3) GoogleBooks blues.  Not surprisingly, one of GS' primary sources for book citations is GoogleBooks.  But this means that GS replicates all of the notorious metadata errors in GB.  Moreover, if, as is sometimes the case, there are multiple versions of the same book in the GB archive in slightly different formats, GS will simply pick them up as different citations.

4) Book review aggregation.  GS seems to have a hard time with the publication format of book reviews, as it is often the case that one ends and another begins on the same page.  It thus may count a review twice--once individually and once as part of a larger set of reviews treated as a single article.  (Moreover, it will do this both with reviews you have written and with reviews of your work.)

5) Amazingly, there are academics on this planet who do not write in English.  GS' access to non-Anglophone scholarship seems to be...scattershot.

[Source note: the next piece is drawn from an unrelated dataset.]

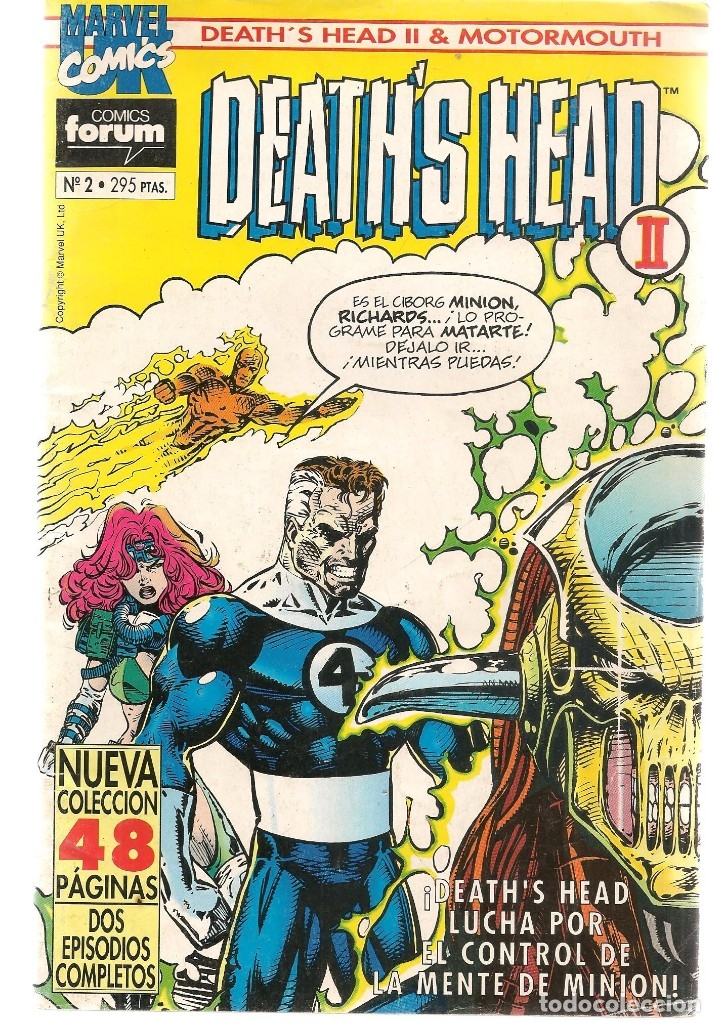 C&oacute;mics: DEATH&acute;S HEAD II. N&ordm; 2. FORUM.  (C/A23) - Foto 1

My advice remains as it has been for the last eight years: anyone using the numbers for purposes of hiring, tenure, and promotion (or polemic, for that matter) needs to treat them as approximate, at best, and proceed with due caution.  

The Incredible Lightness of GoogleScholar Citations

If you're in the humanities, GoogleScholar's list of citations looks like a tempting way of quantifying one's impact on the planet.  Or, at least, on fellow academics.  However, I'm a bit concerned about the prospect of administrations using GoogleScholar's number count as a convenient shortcut, because GoogleScholar's number counts are frequently...odd.  For example, here's my own profile.  There are some weird things going on:

1) Wow, my edition of Robert Elsmere has fifty-one citations!

[beat]

And amazingly, many of these citations predate its publication!

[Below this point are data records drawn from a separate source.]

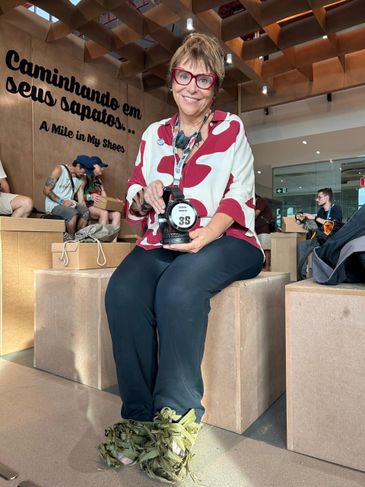 Brasília (DF) 14/11/2025 – Jornalista Mara Régia - Viva Maria.  Foto: Sérgio Leitão/Divulgação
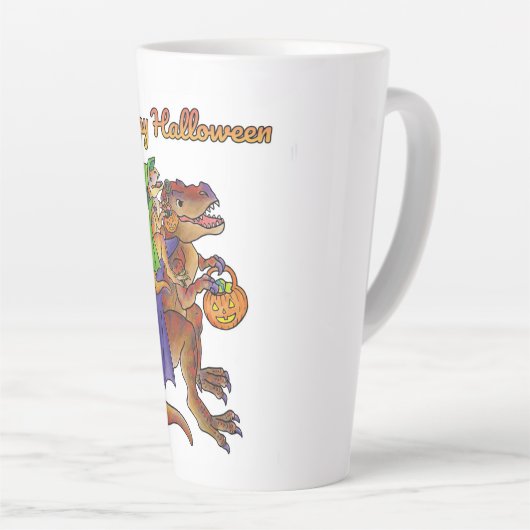 Halloween Dinosaur Tasse Groß (Rechte Ecke)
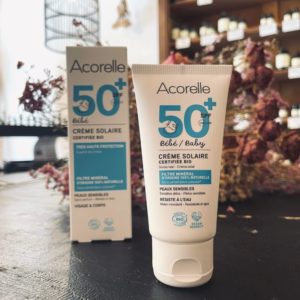 Crème Solaire Bébé BIO - SPF 50+ - Cosmétique naturelle - Acorelle - Naturals&co
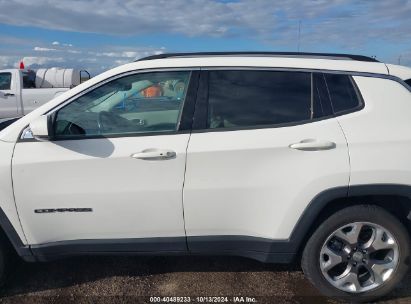 Lot #2994068118 2021 JEEP COMPASS LIMITED 4X4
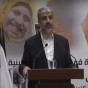 رئيس المكتب السياسي لحركة حماس خالد مشعل خلال مؤتمر صحفي الإثنين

In other words, what GoogleBooks has done is simply attach all citations of Ward's novel to my edition, which is not helpful.  (As some of you may recall, I had a long and ultimately losing battle with Amazon about their insistence on doing the same thing, which left me stuck with one-star reviews intended for entirely different editions.)  I would guess that this is not an isolated instance.

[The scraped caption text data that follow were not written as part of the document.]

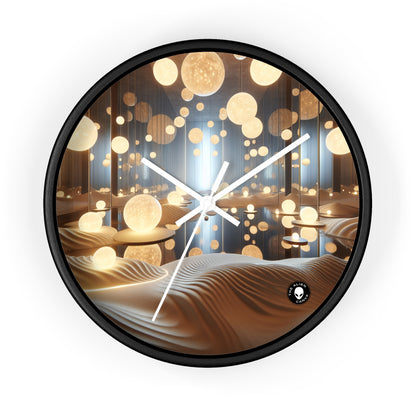 "Temporal Reflections: An Interactive Art Installation on Time and Memory" - The Alien Wall Clock Installation Art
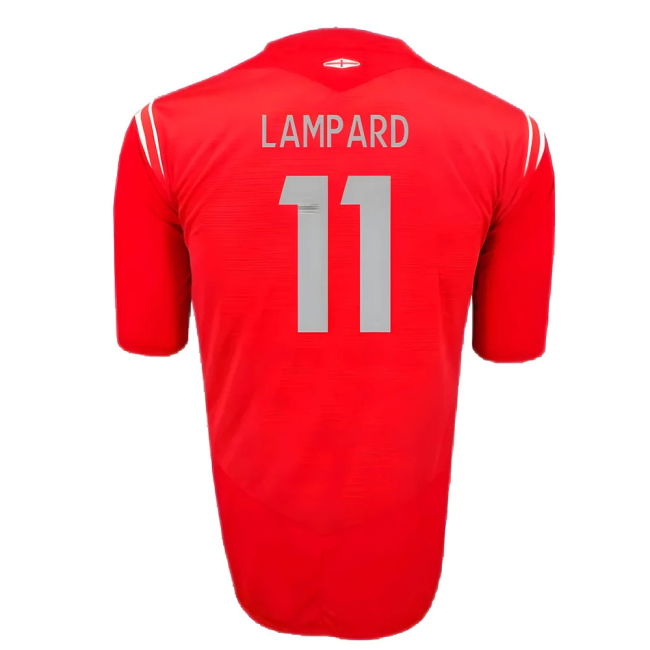 Lampard 11 High Quality England 2004-2005 Away Shirt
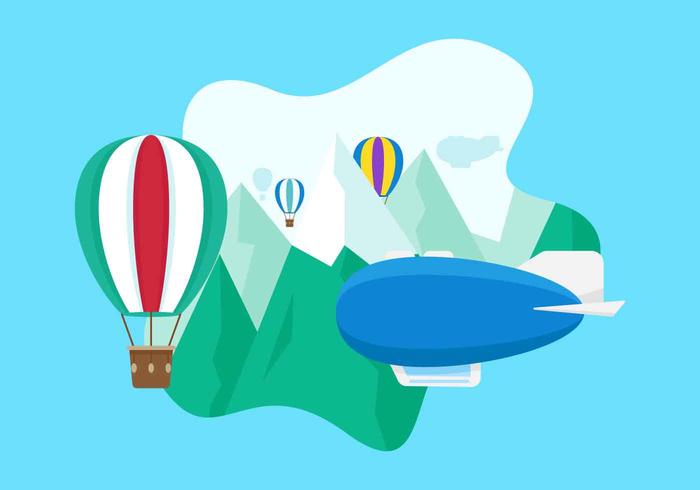 Free Unique Dirigible Vectors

2) GoogleScholar does not believe I wrote an article about movies, which deflates my citation count by, um, one.  (They believe that the article exists, but don't have it attached to my profile.  The perils of branching out, I guess.)

3) There are a number of "nonsense" entries in the publication list, including a book review of the aforementioned RE by someone else (it would be awkward if I reviewed my own work, you understand...), entries in journal indexes, etc.  If one is carefully reading GoogleScholar, this is not an issue; if one is skimming GoogleScholar for quick data, however, it is.

4) Worse still, there are a number of "nonsense" citations, including, again, journal indexes, "books received," and annual bibliographies.  Moreover, book reviews are sometimes counted twice (once on their own, once as part of a book review section).  These are not "citations" in any sense of the term, and shouldn't be counted.  However, to find them, you have to double-check the citation list for each entry, which is the opposite of a quick fix. 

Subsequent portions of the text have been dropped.